Das Berufungsgericht von Texas, das 2019 die Hinrichtung von Randy Halprin stoppte, wird nun entscheiden, ob ein erneutes Verfahren gegen ihn eingeleitet werden sollte.

Die Richterin des Strafbezirksgerichts Dallas, Lela Mays, hat Halprin empfohlen, Anspruch auf ein neues Verfahren zu haben, nachdem sie entschieden hatte, dass Richter Vickers Cunningham ihn möglicherweise wegen seiner Religion diskriminiert hat.

In ihren Ergebnissen schrieb Richterin Mays, dass Richter Cunningham, der weiß ist, „tatsächliche, subjektive Voreingenommenheit gegenüber Halprin hegte, weil Halprin Jude ist, und dass die antisemitischen Vorurteile von Richter Cunningham ein objektiv unerträgliches Risiko der Voreingenommenheit geschaffen haben“.
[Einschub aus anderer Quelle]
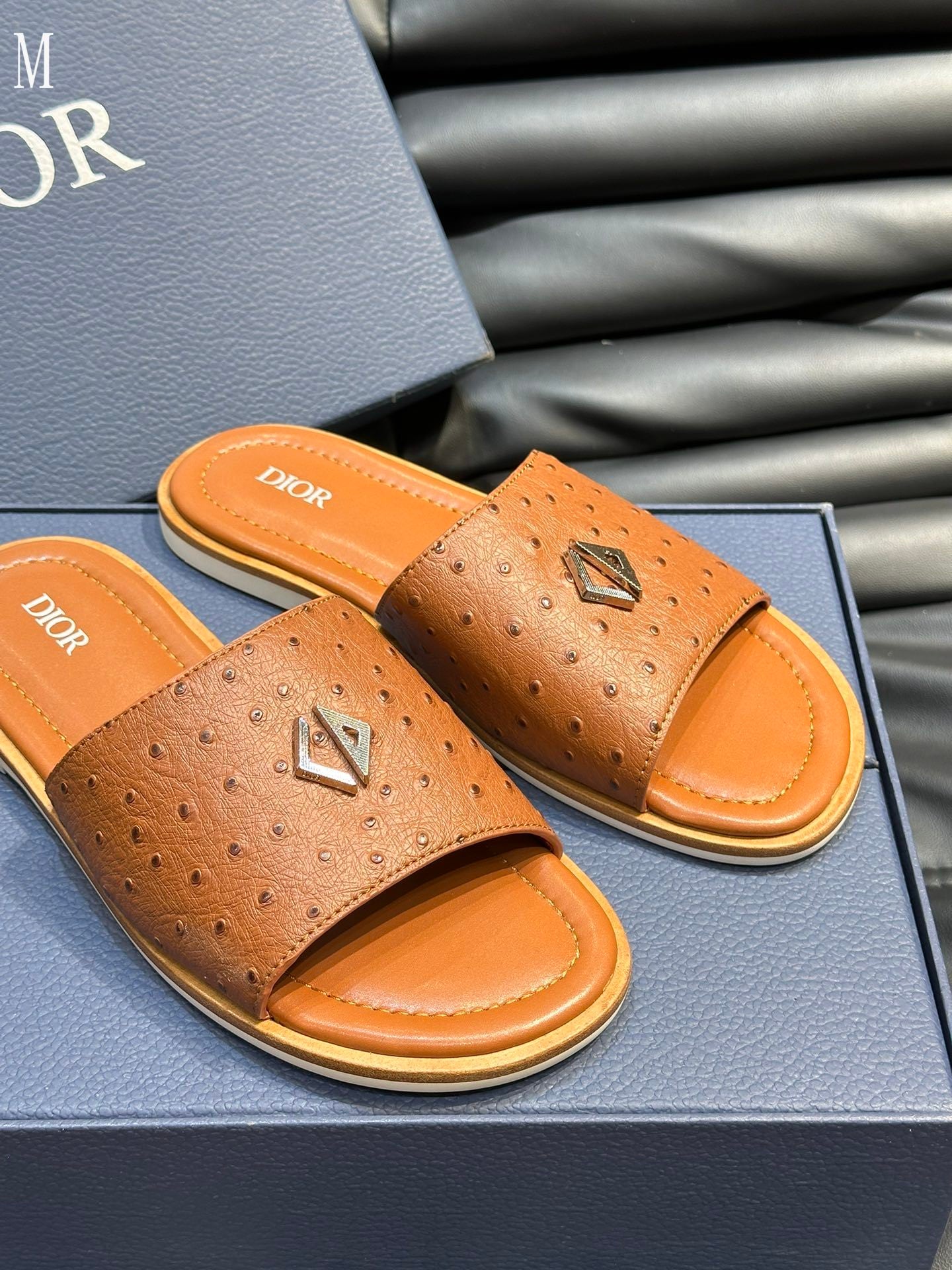 CHD Slippers   Man 3 Color's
Und sie erklärte, dass ein „neuer fairer Prozess das einzige Heilmittel“ für Halprin sei, der wegen seiner Rolle bei der Ermordung eines Polizeibüros in „Texas Seven“ an Heiligabend im Jahr 2000 zum Tode verurteilt wurde.

Halprin hatte Richter Cunningham in Gerichtsdokumenten beschuldigt, ihn nach dem Prozess als „befürwortenden Juden“ bezeichnet und einen abfälligen Begriff für eine jüdische Person verwendet zu haben.

Richter Cunningham kandidierte 2018 für einen Sitz in Dallas County, und sein entfremdeter Bruder, der mit einem Schwarzen verheiratet ist, behauptete, der pensionierte Richter sei ein lebenslanger Rassist.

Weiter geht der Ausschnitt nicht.